There are long scenes of moody, eloquent silence in their hotel room, in which Jolie retreats into depression and Pitt gets picturesquely drunk at a neighbourhood bar.

Working through problems

I felt it was a little absurd at the time – but actually, this is a movie which improves in retrospect. It is ambitious, and heartfelt.

Was By the Sea the last therapeutic gasp for Brangelina? The couple they portrayed on screen were working through their problems, and perhaps Brad and Angelina were working through their own problems too. Or perhaps they were doing the opposite – creating a massive delusional diversionary tactic, a fiction which looked equivalent to their own problems but wasn't, a giant project with which they could wrest back creative control of their personal lives from the gossips.
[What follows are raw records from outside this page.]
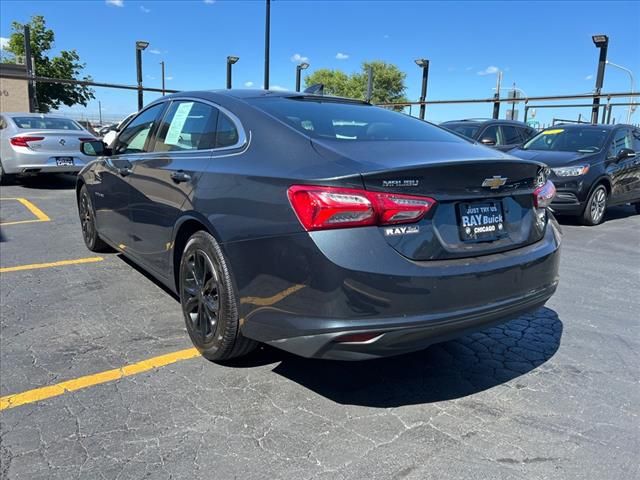 2021 Chevrolet Malibu LT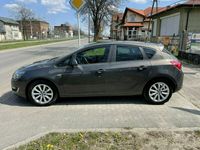 używany Opel Astra 1.4dm 120KM 2012r. 161 233km
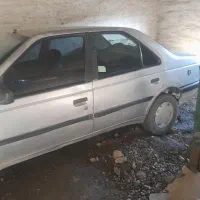 پژو ۴۰۵ دوگانه دست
Jolie’s character in that film had no children, but Jolie herself has a large family of adopted and biological children – a source of tension which is not really touched on in the film.

Perhaps they will work together again, and Burton-Taylor nostalgists might even wonder about the possibility of their re-marrying. By the Sea deserves another look. They are certainly a really potent onscreen partnership.